Когда Кожевников меня увидел, он тряхнул руку сильно и быстро и сказал: «Такие рассказы я готов печатать, если будете приносить, через номер». И он говорил правду, потому что «Знамя» начиная с 1958 г. печатало меня по два — по три раза в году, если не больше, а для толстого журнала это весьма дерзко.
Вадим сказал мне тоже очень точную фразу. Он мне тогда сказал, что, мол, «когда у Вас шофер Гостев проваливается в прорубь и если тридцатиградусный мороз, то он, ежели на ветру потом простоит 15 минут, так или иначе „сыграет в ящик“, и что если одежда на нем успеет замерзнуть, так она не трещать будет, как у Вас написано, а при каждом шаге ломаться будет, как хрупкий ледок».
Он же — Кожевников — помог мне с командировкой на рыбацкие суда в Исландию и Гренландию. С ним, с Борисом Слуцким, Николаем Чуковским и Виктором Борисовичем Шкловским (Шкловский к нам приехал только в один город — в Минск) ездили выступать по телевидению в Гомель, в Минск и в Ригу.
Помню, мы как-то ходили с Вадимом по маленьким улочкам, и он мне рассказывал, как он был здесь, в Риге, чуть ли не в 1927 или в 1926 году с командой боксеров — первое впечатление меня не обмануло: я сам, как бывший боксер, увидел в нем тоже боксера, только более высокой квалификации.

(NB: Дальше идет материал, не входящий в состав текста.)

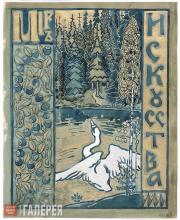 Якунчикова Мария. Лебедь. Эскиз обложки журнала «Мир искусства». 1898 Якунчикова Мария. Лебедь. Эскиз обложки журнала «Мир искусства». 1898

Рассказывал он, как их возили в автобусе, никуда не отпуская. Рассказывал он мне потом прекрасную историю и о том, как он был в Турции, и о том, как он был в Константинополе, и о том, как он потом, в 1945 г., был в Италии, выполняя роль не только журналиста, но и крупного военного разведчика. Рассказывал о том, как ему было трудно и интересно работать в Китае, где он занимал ответственнейший пост заместителя политического представителя в Китае.